Pour Diego et Frida, leur foi en la révolution et leur espoir de paix universelle entre les peuples sont une sorte de rêve mystique qui les a conduits à adorer de faux dieux. Mais n’oublions pas qu’ils vivaient dans un pays plusieurs fois soumis à des interventions étrangères de type colonial et dont l’entrée dans la modernité s’était faite au prix de convulsions sanglantes, sans résoudre, malgré des réformes agraires indubitables, la situation dramatique des masses rurales. En 1946, « la révolution mexicaine sombre dans la corruption la plus effrénée. Le parti officiel […] contrôle totalement les élections qui ne sont que des formalités dénuées de sens » .

Le rêve indien

La dernière partie du livre déconcerte d’abord par un changement de ton, puis on se laisse bercer par cette sorte d’incantation poétique. Lorsqu’il analyse l’étrange relation amoureuse entre Diego et Frida, lorsqu’il interprète leur démarche picturale, Le Clézio est inspiré par son propre « rêve indien ». Ainsi se dévoile l’envoûtement qu’exerce sur lui le monde indien, ses mythes, sa « force de vie, son exubérance colorée », sa culture populaire, la richesse de son folklore, le « rythme lente et religieux » de ses danses. Cette affinité lui permet d’être en symbiose avec ses héros, si bien qu’il nous les rend très présents ; et nous restons hantés par eux, longtemps encore une fois le livre refermé.

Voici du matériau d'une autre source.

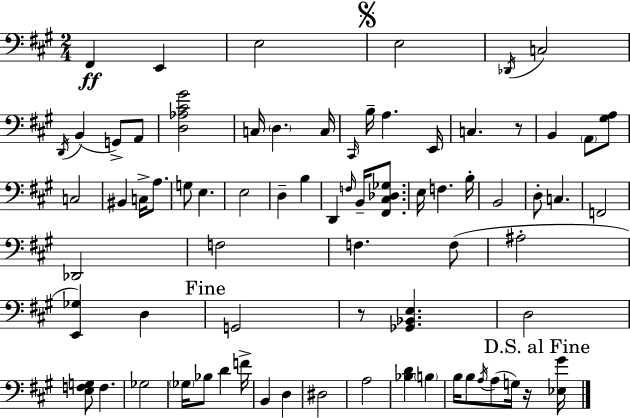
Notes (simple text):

F#2/q E2/q E3/h E3/h Db2/s C3/h D2/s B2/q G2/e A2/e [D3,Ab3,C#4,G#4]/h C3/s D3/q. C3/s C#2/s B3/s A3/q. E2/s C3/q. R/e B2/q A2/e [G#3,A3]/e C3/h BIS2/q C3/s A3/e. G3/e E3/q. E3/h D3/q B3/q D2/q F3/s B2/s [F#2,C#3,Db3,Gb3]/e. E3/s F3/q. B3/s B2/h D3/e C3/q. F2/h Db2/h F3/h F3/q. F3/e A#3/h [E2,Gb3]/q D3/q G2/h R/e [Gb2,Bb2,E3]/q. D3/h [E3,F3,G3]/e F3/q. Gb3/h Gb3/s Bb3/e D4/q F4/s B2/q D3/q D#3/h A3/h [Bb3,D4]/q B3/q B3/s B3/e A3/s A3/e G3/s R/s [Eb3,G#4]/s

Le rêve indien, c’est aussi celui qui anime les laissés-pour-compte du développement économique, ces misérables masses rurales indiennes dont les Rivera avaient épousé la cause et qui, pour revendiquer leur place au soleil, la sortie d’une intolérable pauvreté, leur reconnaissance aussi comme un des éléments vivants du Mexique d’aujourd’hui, n’ont d’autre recours — comme le montrent les événements des derniers mois dans l’Etat de Chiapas — que la révolte sous la bannière du héros populaire de la révolution mexicaine. Mais, au moment où le Mexique s’apprête à rejoindre les démocraties occidentales au sein de l’O.C.D.E. — ce « club de pays riches » —, peut-être n’est-il pas totalement absurde d’espérer que, contrairement aux nombreuses guérillas paysannes précédentes, cet appel du désespoir n’aura pas été vain.